Curated walk-abouts a feature of Arch Summit

Tomorrow Street is mindful that the networking element of Arch Summit is as effective as possible, which is why it stages carefully curated event walk-arounds with corporates and industry thought leaders. 

“We connect such people with those scale-ups and start-ups most likely to be of interest to them,” explains Astoralli. “Without Arch, or an event like it, connecting with a large corporate or a thought leader can be very complicated and difficult for start-ups.”

He adds: “If you are an organisation of 20 people and want to sell into an organisation of 50,000, where do you go? Who do you talk to? How do you go about it?
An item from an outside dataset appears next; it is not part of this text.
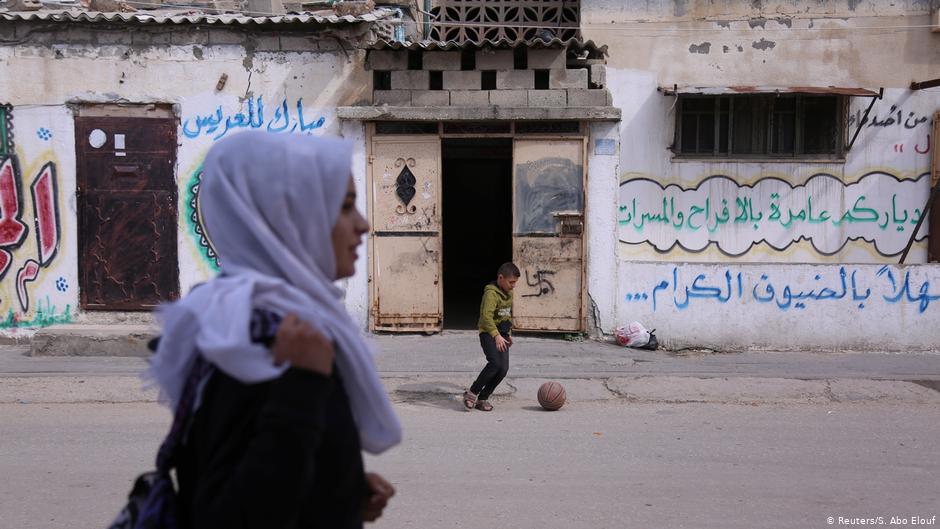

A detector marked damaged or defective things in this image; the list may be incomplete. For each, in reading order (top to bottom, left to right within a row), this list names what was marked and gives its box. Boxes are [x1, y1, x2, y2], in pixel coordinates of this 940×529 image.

rusted metal door [75, 113, 178, 308]
rusted metal door [370, 136, 442, 330]
rusted metal door [510, 139, 584, 330]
At Arch, we make those people connections, and, by doing so, we can help unlock some of the synergies that naturally exist.”

This year’s Arch event will have a slightly different feel to previous ones, because of the huge importance that ESG has assumed in recent years.

“For us, it was really important to look at Arch Summit through that lens of inclusion and diversity,” says Astoralli. “We want to also promote technology that is more inclusive and doesn't leave people behind; it's really important to shine a light on that. 

“When we think about diversity and inclusion , where is the technology that helps people in their day-to-day lives? How do we make sure that we have more young girls going into stem subjects such as aerospace, biological sciences and chemical engineering?”